Dataset items:
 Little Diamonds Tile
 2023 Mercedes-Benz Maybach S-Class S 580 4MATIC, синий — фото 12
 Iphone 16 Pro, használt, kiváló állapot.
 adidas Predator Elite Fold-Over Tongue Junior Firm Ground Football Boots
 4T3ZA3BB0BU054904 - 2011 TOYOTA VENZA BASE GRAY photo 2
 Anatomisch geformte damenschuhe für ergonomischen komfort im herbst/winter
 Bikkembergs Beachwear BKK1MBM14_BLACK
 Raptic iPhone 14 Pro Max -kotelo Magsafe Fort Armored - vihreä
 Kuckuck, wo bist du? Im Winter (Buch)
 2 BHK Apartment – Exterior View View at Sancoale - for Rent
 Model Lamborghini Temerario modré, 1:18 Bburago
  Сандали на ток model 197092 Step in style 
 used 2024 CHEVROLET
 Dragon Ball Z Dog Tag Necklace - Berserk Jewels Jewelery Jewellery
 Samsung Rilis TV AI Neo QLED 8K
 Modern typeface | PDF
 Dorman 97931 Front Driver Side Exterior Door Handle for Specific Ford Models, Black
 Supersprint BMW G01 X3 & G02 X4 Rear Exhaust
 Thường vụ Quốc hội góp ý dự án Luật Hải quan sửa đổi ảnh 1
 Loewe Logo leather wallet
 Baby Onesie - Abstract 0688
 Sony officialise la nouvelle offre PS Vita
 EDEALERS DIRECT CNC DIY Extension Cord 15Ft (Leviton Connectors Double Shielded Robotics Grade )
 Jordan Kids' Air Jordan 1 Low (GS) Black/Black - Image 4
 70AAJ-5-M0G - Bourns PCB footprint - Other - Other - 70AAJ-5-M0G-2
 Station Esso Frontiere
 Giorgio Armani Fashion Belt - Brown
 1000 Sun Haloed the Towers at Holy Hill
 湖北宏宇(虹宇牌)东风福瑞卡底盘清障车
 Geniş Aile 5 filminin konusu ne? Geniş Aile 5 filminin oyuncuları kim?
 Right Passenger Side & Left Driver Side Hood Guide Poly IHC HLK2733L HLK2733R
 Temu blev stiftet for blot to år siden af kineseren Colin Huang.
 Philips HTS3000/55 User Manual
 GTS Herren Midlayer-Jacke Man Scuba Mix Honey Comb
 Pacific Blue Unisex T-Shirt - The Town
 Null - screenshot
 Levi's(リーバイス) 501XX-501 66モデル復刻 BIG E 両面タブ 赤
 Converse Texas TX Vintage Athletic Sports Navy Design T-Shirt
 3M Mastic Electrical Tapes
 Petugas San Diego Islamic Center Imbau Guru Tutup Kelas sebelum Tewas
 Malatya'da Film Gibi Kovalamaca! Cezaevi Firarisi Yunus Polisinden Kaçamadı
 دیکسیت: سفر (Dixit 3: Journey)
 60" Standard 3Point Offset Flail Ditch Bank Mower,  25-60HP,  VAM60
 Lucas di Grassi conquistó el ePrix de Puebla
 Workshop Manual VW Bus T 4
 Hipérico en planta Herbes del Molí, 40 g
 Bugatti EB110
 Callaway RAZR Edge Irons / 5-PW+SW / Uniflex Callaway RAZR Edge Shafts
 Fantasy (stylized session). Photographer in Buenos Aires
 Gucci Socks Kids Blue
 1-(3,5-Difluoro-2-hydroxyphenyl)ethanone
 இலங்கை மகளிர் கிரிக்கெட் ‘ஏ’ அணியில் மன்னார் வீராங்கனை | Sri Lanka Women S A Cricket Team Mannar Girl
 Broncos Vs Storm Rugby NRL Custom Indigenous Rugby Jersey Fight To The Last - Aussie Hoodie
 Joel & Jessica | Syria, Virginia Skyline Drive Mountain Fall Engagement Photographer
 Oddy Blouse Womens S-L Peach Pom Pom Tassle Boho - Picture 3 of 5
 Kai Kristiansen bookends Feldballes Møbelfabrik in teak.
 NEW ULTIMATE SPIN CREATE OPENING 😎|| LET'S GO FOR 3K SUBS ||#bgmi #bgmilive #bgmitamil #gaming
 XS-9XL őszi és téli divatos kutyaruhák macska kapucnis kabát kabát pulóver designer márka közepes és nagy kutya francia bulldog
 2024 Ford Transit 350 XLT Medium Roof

● **Exercise requirements**: Beginning with the line that holds "3M Mastic Electrical Tapes", restate word for word every line down to the end of the data, and only those lines.

● **Exercise solution**:
 3M Mastic Electrical Tapes
 Petugas San Diego Islamic Center Imbau Guru Tutup Kelas sebelum Tewas
 Malatya'da Film Gibi Kovalamaca! Cezaevi Firarisi Yunus Polisinden Kaçamadı
 دیکسیت: سفر (Dixit 3: Journey)
 60" Standard 3Point Offset Flail Ditch Bank Mower,  25-60HP,  VAM60
 Lucas di Grassi conquistó el ePrix de Puebla
 Workshop Manual VW Bus T 4
 Hipérico en planta Herbes del Molí, 40 g
 Bugatti EB110
 Callaway RAZR Edge Irons / 5-PW+SW / Uniflex Callaway RAZR Edge Shafts
 Fantasy (stylized session). Photographer in Buenos Aires
 Gucci Socks Kids Blue
 1-(3,5-Difluoro-2-hydroxyphenyl)ethanone
 இலங்கை மகளிர் கிரிக்கெட் ‘ஏ’ அணியில் மன்னார் வீராங்கனை | Sri Lanka Women S A Cricket Team Mannar Girl
 Broncos Vs Storm Rugby NRL Custom Indigenous Rugby Jersey Fight To The Last - Aussie Hoodie
 Joel & Jessica | Syria, Virginia Skyline Drive Mountain Fall Engagement Photographer
 Oddy Blouse Womens S-L Peach Pom Pom Tassle Boho - Picture 3 of 5
 Kai Kristiansen bookends Feldballes Møbelfabrik in teak.
 NEW ULTIMATE SPIN CREATE OPENING 😎|| LET'S GO FOR 3K SUBS ||#bgmi #bgmilive #bgmitamil #gaming
 XS-9XL őszi és téli divatos kutyaruhák macska kapucnis kabát kabát pulóver designer márka közepes és nagy kutya francia bulldog
 2024 Ford Transit 350 XLT Medium Roof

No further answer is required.